_WHAT IS NEEDED_.
Retype the following records exactly and exclude the pictures.

(Brief descriptive captions)
----

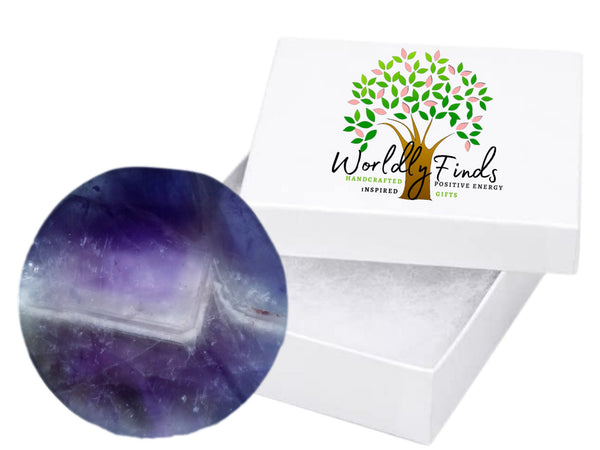AMETHYST Quartz Crystal Cell Phone Grip, 4 Options! Genuine Crystal Phone Stand, Natural Crystal Healing Phone Accessories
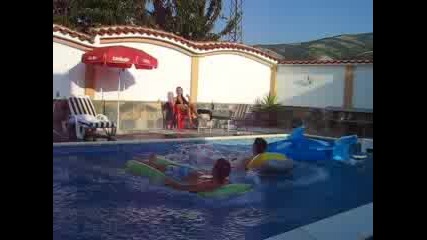 Summer Time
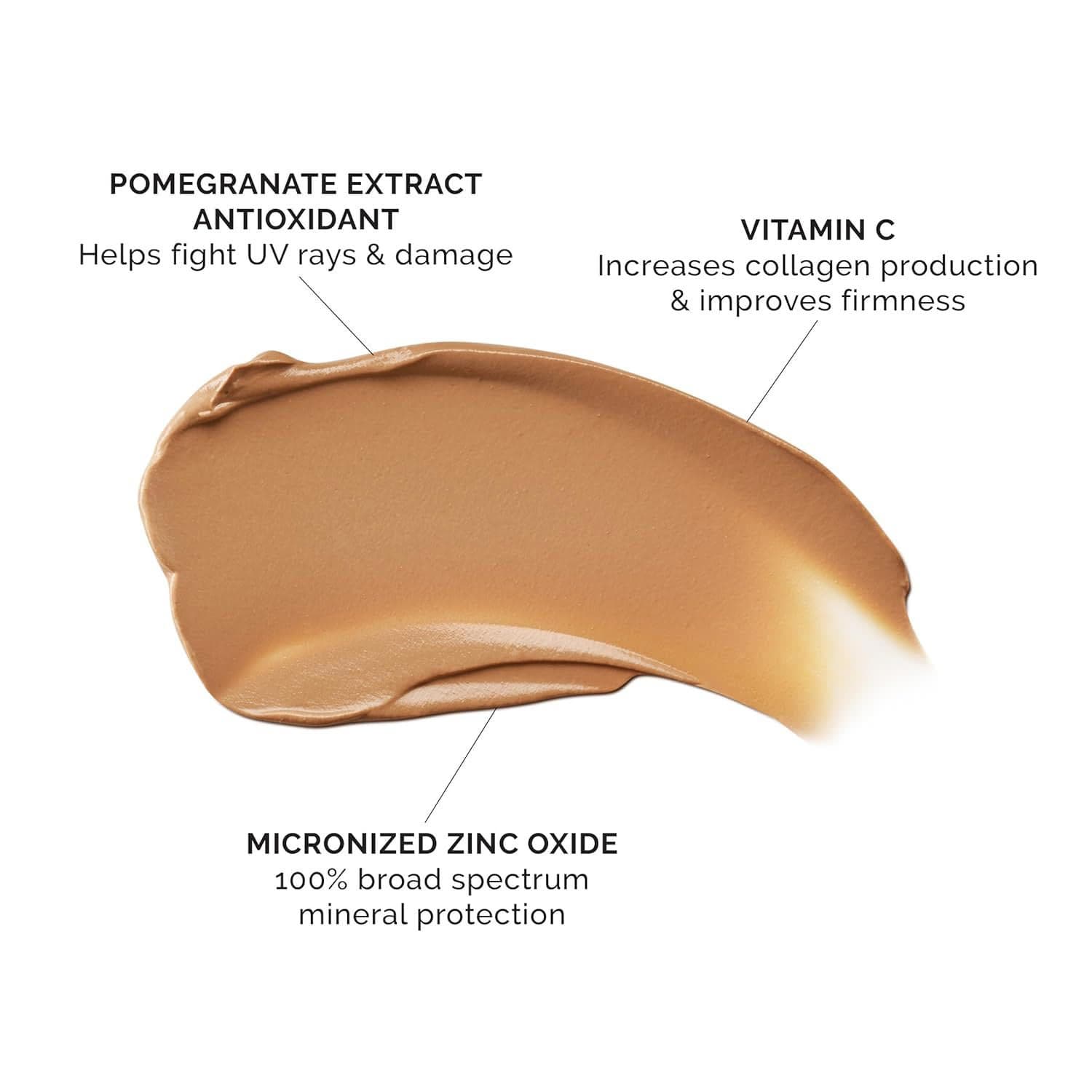 MDSolarSciences Mineral Tinted Creme Sunscreen SPF 30, 1.7 oz - Image 2
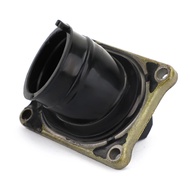Artudatech Carburetor Carb Insulator Fit for Honda CR 125 R CR125R 1990-1995 16221-KZ4-700 16221-KZ4
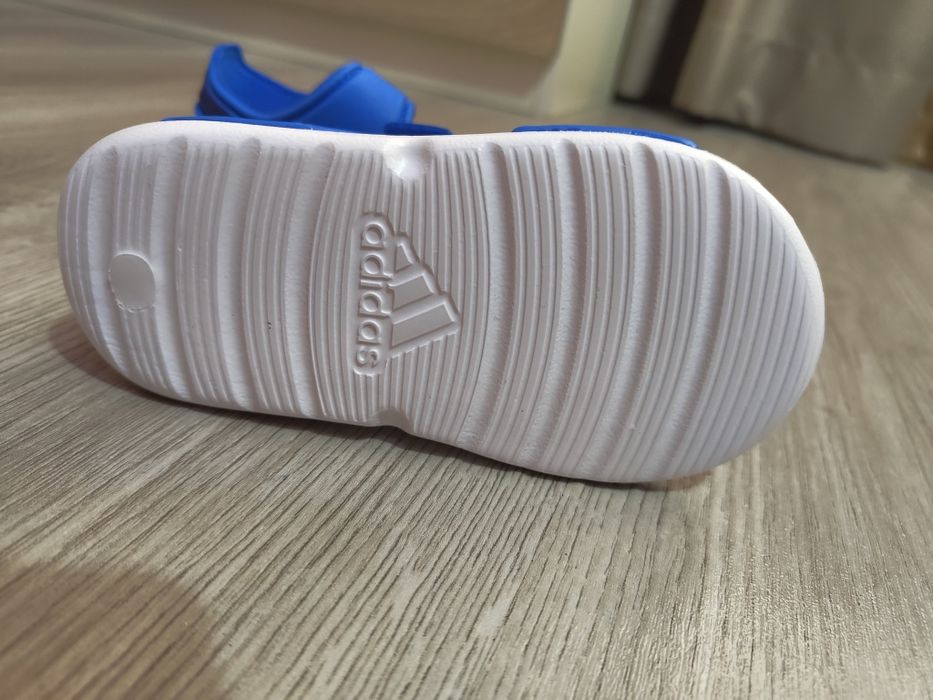 Детски сандали Adidas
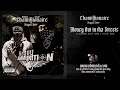 Chamillionaire | Krayzie Bone - Money Out in ths Streets Ft. Bizzy Bone | Layzie Bone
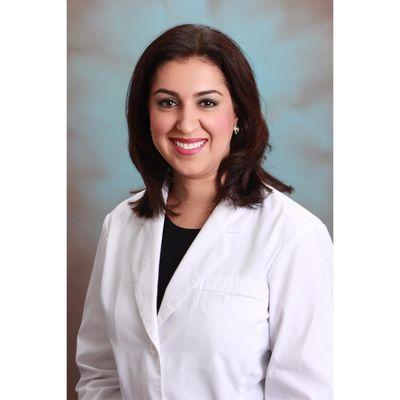 Dr. Morgan Mehranfard ; General Dentistry for Adults & Kids; Dentists, Pediatric dentistry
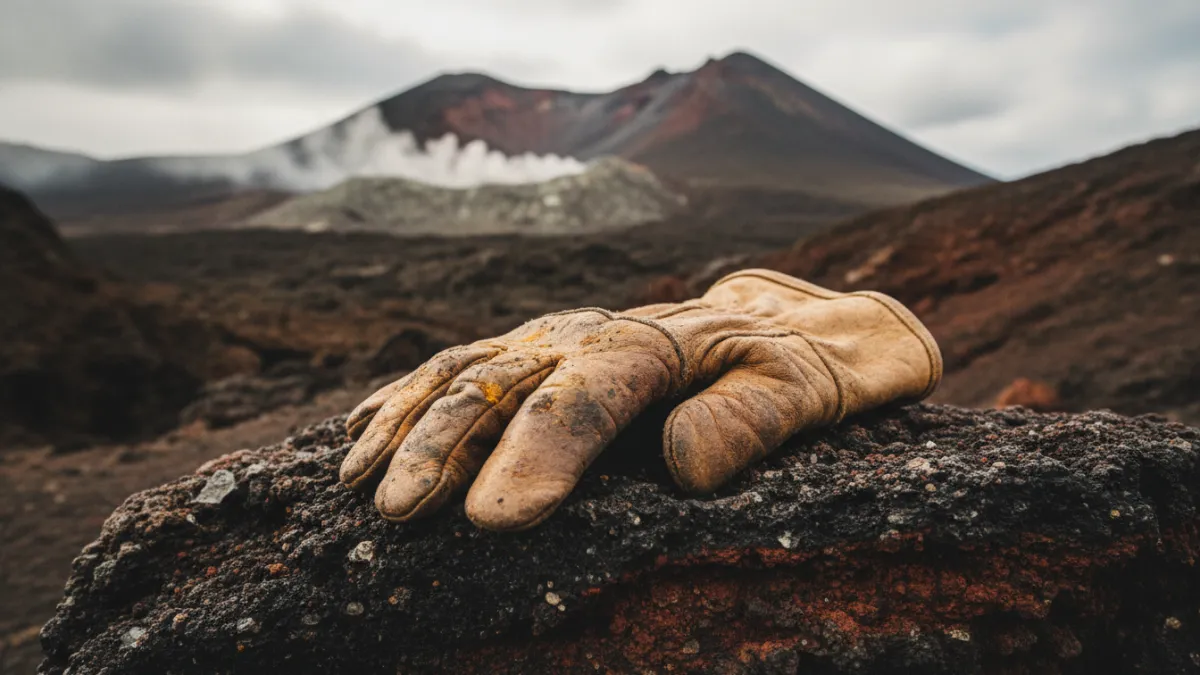 Activité éruptive fréquente : les volcans les plus actifs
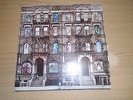 LED ZEPPELIN / PHYSICAL GRAFFITI /  RECORD / LP / DOUBLE RECORD / VG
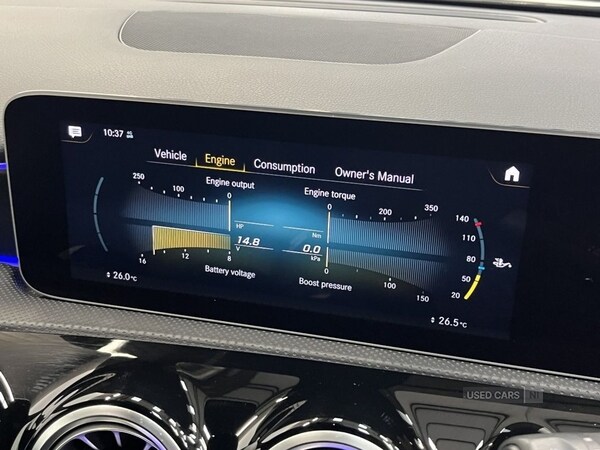 Used Mercedes-Benz A-Class 2019 for sale - 77396775: Photo 34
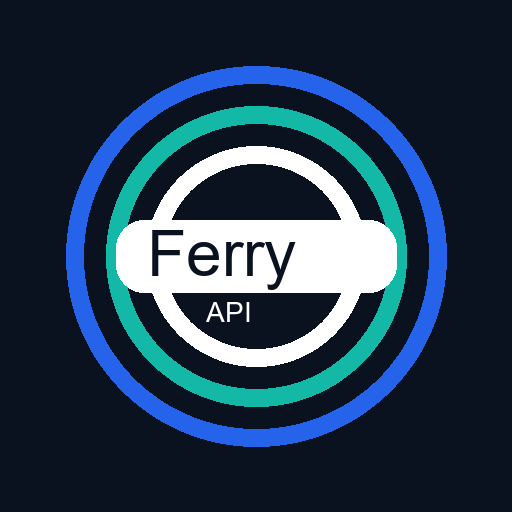 FerryAPI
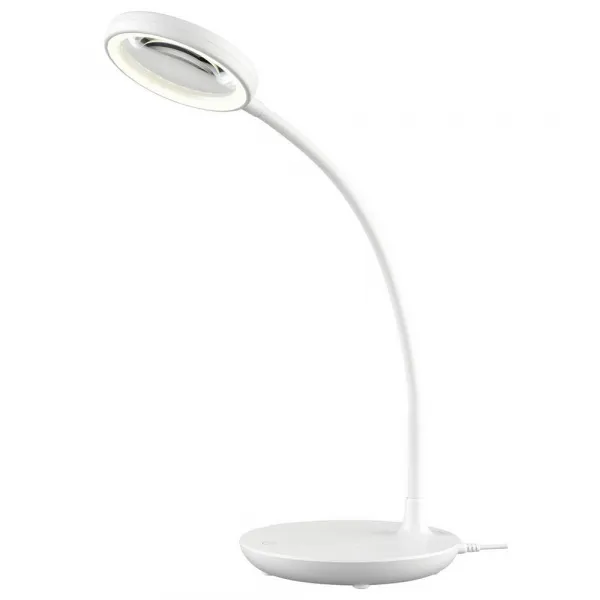 Led lampa na písací stôl Lupop max. 5 Watt, V: 52 cm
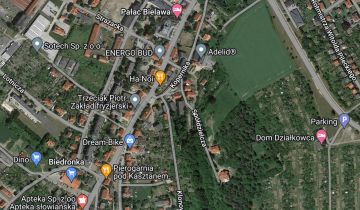 Garaż/miejsce parkingowe Bielawa, ul. Górska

----

_SOLUTION_.
AMETHYST Quartz Crystal Cell Phone Grip, 4 Options! Genuine Crystal Phone Stand, Natural Crystal Healing Phone Accessories
 Summer Time
 MDSolarSciences Mineral Tinted Creme Sunscreen SPF 30, 1.7 oz - Image 2
Artudatech Carburetor Carb Insulator Fit for Honda CR 125 R CR125R 1990-1995 16221-KZ4-700 16221-KZ4
 Детски сандали Adidas
 Chamillionaire | Krayzie Bone - Money Out in ths Streets Ft. Bizzy Bone | Layzie Bone
 Dr. Morgan Mehranfard ; General Dentistry for Adults & Kids; Dentists, Pediatric dentistry
 Activité éruptive fréquente : les volcans les plus actifs
 LED ZEPPELIN / PHYSICAL GRAFFITI /  RECORD / LP / DOUBLE RECORD / VG
 Used Mercedes-Benz A-Class 2019 for sale - 77396775: Photo 34
 FerryAPI
 Led lampa na písací stôl Lupop max. 5 Watt, V: 52 cm
 Garaż/miejsce parkingowe Bielawa, ul. Górska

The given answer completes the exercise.